EXERCISE INPUTS:
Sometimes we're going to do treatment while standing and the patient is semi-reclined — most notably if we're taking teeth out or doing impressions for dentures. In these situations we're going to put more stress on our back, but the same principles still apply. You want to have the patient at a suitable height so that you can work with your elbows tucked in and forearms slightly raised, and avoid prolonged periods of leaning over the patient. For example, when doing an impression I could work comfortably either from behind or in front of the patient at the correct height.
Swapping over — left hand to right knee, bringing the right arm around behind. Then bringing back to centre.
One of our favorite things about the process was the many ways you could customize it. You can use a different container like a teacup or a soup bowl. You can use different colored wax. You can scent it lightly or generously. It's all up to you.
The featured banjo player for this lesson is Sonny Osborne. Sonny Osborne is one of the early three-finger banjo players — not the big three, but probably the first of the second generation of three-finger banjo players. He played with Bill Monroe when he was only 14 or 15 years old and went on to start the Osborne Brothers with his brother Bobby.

==

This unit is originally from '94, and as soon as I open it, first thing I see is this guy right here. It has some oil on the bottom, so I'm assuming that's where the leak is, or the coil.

--

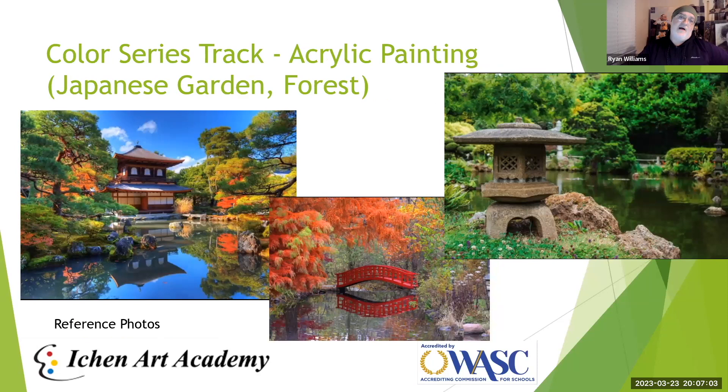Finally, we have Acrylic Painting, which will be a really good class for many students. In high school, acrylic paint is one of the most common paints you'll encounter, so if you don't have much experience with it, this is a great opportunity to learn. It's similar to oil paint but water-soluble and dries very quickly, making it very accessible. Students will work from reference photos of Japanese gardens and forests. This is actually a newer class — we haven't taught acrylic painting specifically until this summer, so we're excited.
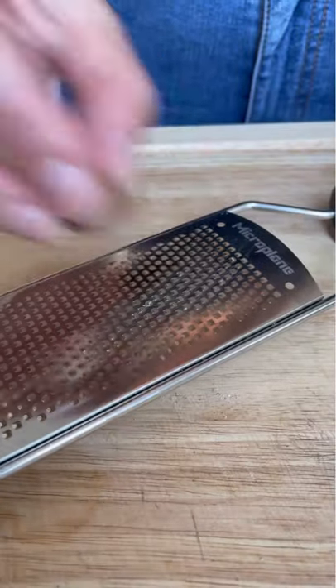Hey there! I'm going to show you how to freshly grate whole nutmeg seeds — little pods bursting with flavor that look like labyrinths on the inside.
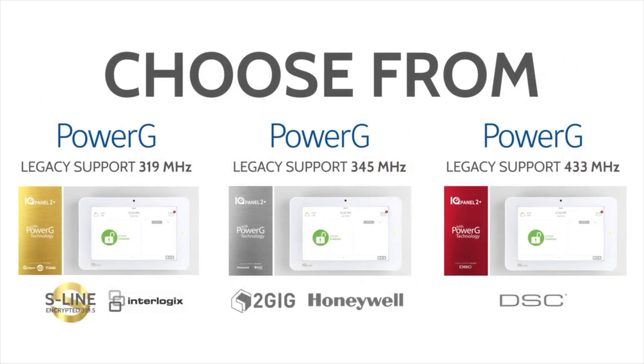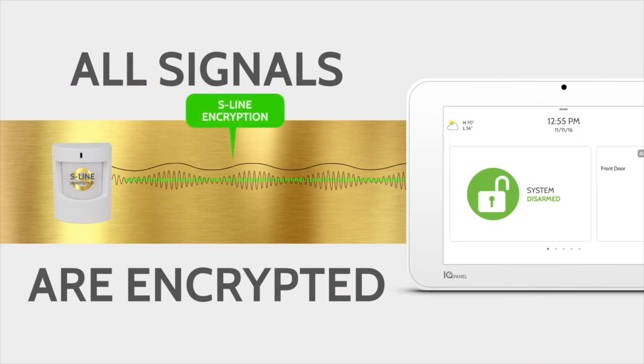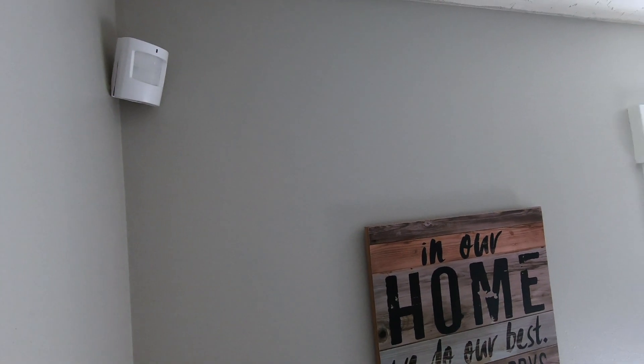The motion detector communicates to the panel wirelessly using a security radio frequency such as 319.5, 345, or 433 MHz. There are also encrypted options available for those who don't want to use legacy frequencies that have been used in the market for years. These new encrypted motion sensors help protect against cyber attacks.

EXERCISE DESCRIPTION: How many lines in the records hold the string "right"? The number alone is the answer.

TASK RESULT: 2